Un tribunal nigérian a ordonné lundi à l’organe électoral de radier l’un des principaux partis politiques d’opposition ainsi que quatre autres formations pour non-respect des exigences constitutionnelles. Cette décision pourrait redessiner le paysage politique en amont des élections de janvier prochain.
Le juge de la Haute Cour fédérale, Peter Lifu, a enjoint à la Commission électorale nationale indépendante (INEC) de rayer l’African Democratic Congress (ADC) et les autres partis de son registre. Le magistrat a ainsi validé les recours d’anciens parlementaires affirmant que ces formations n’avaient pas atteint les seuils de performance électorale minimaux.

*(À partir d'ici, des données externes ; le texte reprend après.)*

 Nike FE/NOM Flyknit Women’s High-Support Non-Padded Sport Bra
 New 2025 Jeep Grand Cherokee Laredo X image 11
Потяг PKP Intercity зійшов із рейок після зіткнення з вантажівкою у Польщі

La législation nigériane impose en effet aux partis de remporter au moins un siège électif, quel que soit le niveau de scrutin, ou d’obtenir au moins 25 % des voix dans un État lors d’une élection présidentielle, sous peine de radiation.

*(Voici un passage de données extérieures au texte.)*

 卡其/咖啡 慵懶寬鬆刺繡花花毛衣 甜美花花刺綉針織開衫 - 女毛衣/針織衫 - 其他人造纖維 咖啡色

Ce verdict constitue un obstacle majeur pour l’ancien vice-président Atiku Abubakar, candidat de l’ADC à la présidence et principal rival du président Bola Tinubu, et pourrait entraîner un resserrement de l’offre politique de l’opposition.

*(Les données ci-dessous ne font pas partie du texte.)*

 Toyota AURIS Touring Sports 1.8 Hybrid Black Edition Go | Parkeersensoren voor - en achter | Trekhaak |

Le porte-parole de l’ADC, Bolaji Abdullahi, a rejeté cette décision, la qualifiant d’« invitation directe à l’anarchie ». Il a précisé que le parti ferait appel du jugement par toutes les voies légales et constitutionnelles disponibles.
Le deuxième de la présidentielle 2023 concerné
Parmi les candidats notables visés par ce jugement figure Atiku Abubakar, récemment désigné candidat à la présidentielle par le Congrès démocratique africain (ADC). Ce lundi, le parti a nommé l’ancien ministre des Transports, Rotimi Amaechi, pour être son colistier.
À la présidentielle de 2023, Atiku Abubakar était le candidat du parti PDP et était arrivé en deuxième position du scrutin avec 29% des voix derrière l’actuel chef de l’État, Bola Tinubu, vainqueur avec 36,6% des suffrages.
« Jouer avec le feu »
Ce verdict menace aussi Ademola Adeleke, le gouverneur de l’État d’Osun (sud-ouest du Nigeria), qui briguera en août un second mandat sous la bannière du parti Accord.
Les cinq partis d’opposition concernés et la Commission électorale indépendante ont rejeté ce jugement. L’ADC et Accord accusent le Congrès des Progressistes (APC) au pouvoir de « jouer avec le feu » et de « vouloir faire du Nigeria un pays à parti unique ».
Le pays le plus peuplé d’Afrique se rendra aux urnes le 16 janvier 2027. Bola Tinubu briguera un second mandat.